ついにゴジラが打った。巨人・宮崎キャンプで臨時コーチを務めている松井秀喜氏(39)が7日、打撃練習を敢行。グリーンシートで覆われた打撃ケージの中で行ったため、その姿を確認することはできなかったものの、関係者によれば「非常にいいスイングをしていた」。原監督からはフリー打撃の実演を要請されているだけに、今キャンプ中にサンマリンスタジアムでゴジラの“豪快アーチ”が復活することになりそうだ。

 周囲がどよめいた。全体練習が終了した後の木の花ドーム。松井氏がバットを持った球団関係者とともに打撃ケージの中へ、ゆっくりと入っていった。グリーンシートで覆われていたため中の様子は確認できなかったが、時間にして約10分。「カーン、カーン」という松井氏の力強い打球音が速いペースでドーム内に響き渡った。

「ケージに入っていった? 幻だよ。(打撃練習は)やっていなかった。ダイエットにいいかなと」

 松井氏はつじつまの合わないジョークを口にしてごまかしたが、シートの内側で打撃練習を敢行していたのは明らかだ。ケージの中の様子を目撃していた球団関係者によれば「ボールケースに入っていた球を半分ぐらい打っていた。非常にいいスイングだったよ」。ティー打撃で約100球、気合十分の表情で打ち込んでいたという。

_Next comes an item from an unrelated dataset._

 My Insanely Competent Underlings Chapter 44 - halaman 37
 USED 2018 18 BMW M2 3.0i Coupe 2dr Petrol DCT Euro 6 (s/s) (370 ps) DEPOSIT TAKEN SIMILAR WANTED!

 昨年末の時点で原監督からは今キャンプでのフリー打撃実演を要請されていた。

 とはいえ「キャンプの主役はあくまでも選手であり、臨時コーチの自分が目立ってしまうのは良くない」というのが松井氏のスタンス。それだけに当初は消極的だった。しかし今キャンプで再び指揮官から「(松井氏のフリー打撃は)天気のいい時だな。いい風が吹いている環境があるだろ。コンディションを考えないとな」との発言が飛び出し、周囲の実現ムードが高まる中“やらざるを得ない状況”が出来上がってしまった。

 松井氏は数日前に「(指導で)言うだけ言って、自分が打つのを見せて『何だよアイツ』って言われるのも恥ずかしい。こっそり万全な準備をしてやりたい。それができるかどうかですね」とも語っていただけに“ブラインド・ティー打撃”はXデーに向けた練習だったとみられる。

 この日も外野ノック、寺内のフリー打撃で打撃投手として106球を投げるなど、八面六臂(ろっぴ)の動きを見せたゴジラコーチ。宮崎地方の天候は8日午後から徐々に回復へと向かう見込みだけに、早ければ日曜日の9日にも大勢のファンの前で快音を響かせることになりそうだ。